Search code examples
azurehashpartitioningazure-eventhub

What hash function is used for partitionkey mapping to partitionid in EventHub


I am using an Azure EventHub to process customer events.

The customer's id is used as partitionkey for EventHub. The key will be hashed and is used to select an EventHub partition. All events for a given customer will end up on the same partition.

The EventHub documentation mentions the following:

You can use a partition key to map incoming event data into specific partitions for the purpose of data organization. The partition key is a sender-supplied value passed into an event hub. It is processed through a static hashing function, which creates the partition assignment. If you don't specify a partition key when publishing an event, a round-robin assignment is used.

There are 10 partitions in my eventhub and now I'm trying to map which customers are ending up on the same partition-ids. A list of all customer ids is available.

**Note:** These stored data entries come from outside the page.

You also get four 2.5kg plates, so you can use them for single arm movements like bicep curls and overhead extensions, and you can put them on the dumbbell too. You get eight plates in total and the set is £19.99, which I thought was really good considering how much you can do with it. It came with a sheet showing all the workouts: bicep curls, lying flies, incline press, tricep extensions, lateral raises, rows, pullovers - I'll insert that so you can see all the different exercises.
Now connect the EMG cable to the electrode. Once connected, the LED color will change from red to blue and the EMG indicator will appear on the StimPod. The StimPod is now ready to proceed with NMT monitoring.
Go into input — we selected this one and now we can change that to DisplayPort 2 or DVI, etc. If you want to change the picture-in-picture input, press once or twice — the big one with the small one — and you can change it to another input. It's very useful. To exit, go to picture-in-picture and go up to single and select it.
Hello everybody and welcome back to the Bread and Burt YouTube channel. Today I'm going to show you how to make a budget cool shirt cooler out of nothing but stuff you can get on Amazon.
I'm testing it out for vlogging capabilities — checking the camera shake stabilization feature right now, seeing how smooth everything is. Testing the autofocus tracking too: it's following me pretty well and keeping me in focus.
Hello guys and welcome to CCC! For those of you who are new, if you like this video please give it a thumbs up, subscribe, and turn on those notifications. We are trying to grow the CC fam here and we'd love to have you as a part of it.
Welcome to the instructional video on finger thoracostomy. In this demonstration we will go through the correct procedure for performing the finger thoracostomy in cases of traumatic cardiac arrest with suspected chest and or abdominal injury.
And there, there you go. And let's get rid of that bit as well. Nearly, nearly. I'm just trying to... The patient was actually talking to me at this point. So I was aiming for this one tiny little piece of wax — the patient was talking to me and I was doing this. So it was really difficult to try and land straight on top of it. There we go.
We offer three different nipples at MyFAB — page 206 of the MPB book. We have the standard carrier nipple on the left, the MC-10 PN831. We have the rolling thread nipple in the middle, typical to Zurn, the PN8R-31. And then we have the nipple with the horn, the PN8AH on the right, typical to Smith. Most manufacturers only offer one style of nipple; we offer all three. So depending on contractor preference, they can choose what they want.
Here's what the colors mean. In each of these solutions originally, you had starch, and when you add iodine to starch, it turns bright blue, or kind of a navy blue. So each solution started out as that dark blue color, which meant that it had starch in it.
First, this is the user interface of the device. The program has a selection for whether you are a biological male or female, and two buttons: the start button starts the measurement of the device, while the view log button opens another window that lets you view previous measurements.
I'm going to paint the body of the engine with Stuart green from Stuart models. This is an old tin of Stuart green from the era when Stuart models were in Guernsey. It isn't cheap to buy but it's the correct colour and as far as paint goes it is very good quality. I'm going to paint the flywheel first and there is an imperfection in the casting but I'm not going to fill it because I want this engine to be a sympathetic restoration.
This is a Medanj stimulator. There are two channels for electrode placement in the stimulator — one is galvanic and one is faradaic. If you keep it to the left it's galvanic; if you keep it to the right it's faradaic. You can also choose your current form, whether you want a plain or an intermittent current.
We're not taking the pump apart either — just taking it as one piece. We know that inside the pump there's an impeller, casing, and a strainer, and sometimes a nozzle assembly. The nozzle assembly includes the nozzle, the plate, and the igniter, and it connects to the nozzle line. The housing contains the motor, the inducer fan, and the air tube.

However, I cannot find documentation on the exact hashing function used by EventHub to determine the matching partitionid.

If this is not available, what would be the best approach do determine the partitionid for a given partitionkey.


Solution

  • The algorithm is not publicly documented nor is there a supported way to determine the assigned partition for a given key. It is strongly advised that your application not assume that it can reproduce the service hash reliably.

    If you need to understand what partition data appears in, it is recommended that your application assign a specific partition when publishing events.

    That all said, the algorithm used is not an off-the-shelf standard, but a customized variation. You'd need the source to be able to reproduce its results in all cases.